While it may be possible to compile Node Sass to run on ARM, it isn’t officially supported. In fact, at the time of this writing, no official ARM support is available according to the 5.0.0 release.
It’s not all bad, however. There is a general tracking issue to finally, officially support ARM, due to Apple announcing the M1. Supporting only Apple’s version of ARM, unfortunately, would leave containerized development tools lacking, as the vast majority continue to run Linux. MacOS is little used for web development automated build systems or production web servers, where Linux is nearly universal. We could go back to the bad old days of committing compiled CSS code to git repositories, and bring back all the git conflicts that brings with it. I can only hope that the Node Sass team will broadly support ARM and not just Apple’s interpretation of it.
Where to Go From Here
While Flight Deck largely runs on ARM, it’s not quite ready yet for regular development. The lack of Node Sass is a major sticking point, and it would require some effort to compile all the needed utilities locally and apply whatever patches are necessary in order to support the architecture.
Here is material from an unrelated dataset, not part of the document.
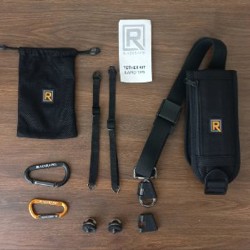 Ремень для камеры Black Rapid RS-4 - фото 2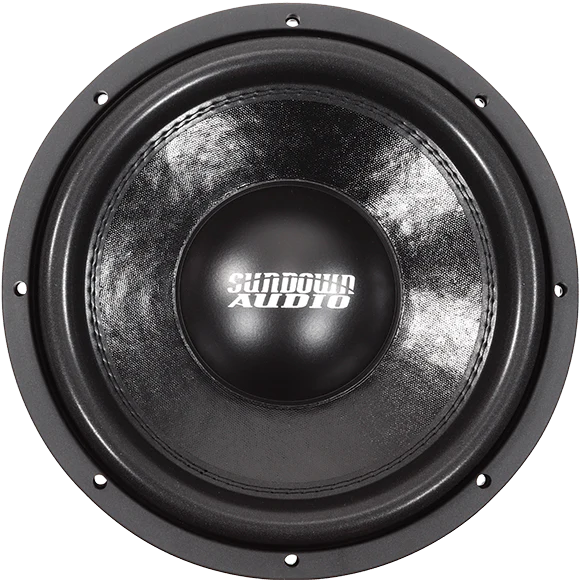 Sundown Audio SA-Classic 12" Subwoofer - Image 5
Furthermore, it would be best for Flight Deck to support multi-arch images itself. This can be done on an x86 based system through the use of QEMU and the docker buildx
command. This would allow Flight Deck to support different architectures transparently, as does the Alpine base image and the official Memcache image.
Conclusion
ARM on desktop is, in many ways, already here. It simply wasn’t taken seriously until Cupertino gave its blessing. Fortunately, the open source community has long since been here, working to keep our tools running as technology changes. We at TEN7 hope Flight Deck will be a part of that.